Cleanup efforts focused on Lydgate yesterday, as that is where the larger balls were washing ashore. A crew from PENCO (Pacific Environmental Company) flew over to clean up Lydgate yesterday afternoon, she said.
Areas between Anahola and the Wailua River didn’t experience the larger clumps of the heavy crude oil U.S. Coast Guard officials said may have come from a tanker ship bound for a refinery.
“The threat was very minimal, so we won’t be doing a cleanup at Anahola Bay, and we have reopened the beach,” said Galvez, state on-scene coordinator with the DOH Environmental Health Administration Office of Hazard Evaluation and Emergency Response.
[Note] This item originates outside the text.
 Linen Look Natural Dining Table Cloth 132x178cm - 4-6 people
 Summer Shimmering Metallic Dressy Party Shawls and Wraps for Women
The oil being hard and unrefined makes it easier to clean up, but because it is old it makes it more difficult for the Coast Guard to find the source, said Chief Mark Sielaff, a marine science technician chief with the Honolulu Coast Guard’s Marine Environmental Protection department.
The DOH and Coast Guard made an agreement that the DOH would handle cleanup efforts, Sielaff said.
Coast Guard and DOH officials yesterday walked around six miles of beaches, and found mostly dime-sized pieces that would probably not equal 10 gallons if put into one container, Sielaff said. Still, the federal agency is committed to track down the source or sources of the oil. “We try to get the culprit. It’s very hard” when an old spill like this comes ashore, Sielaff said.
“There’s a lot of things going against us at this point, especially this old this late,” he said. “We treat them all. We try to do (investigate) them all,” but sometimes they’re not successful in finding the source of the spill, Sielaff added.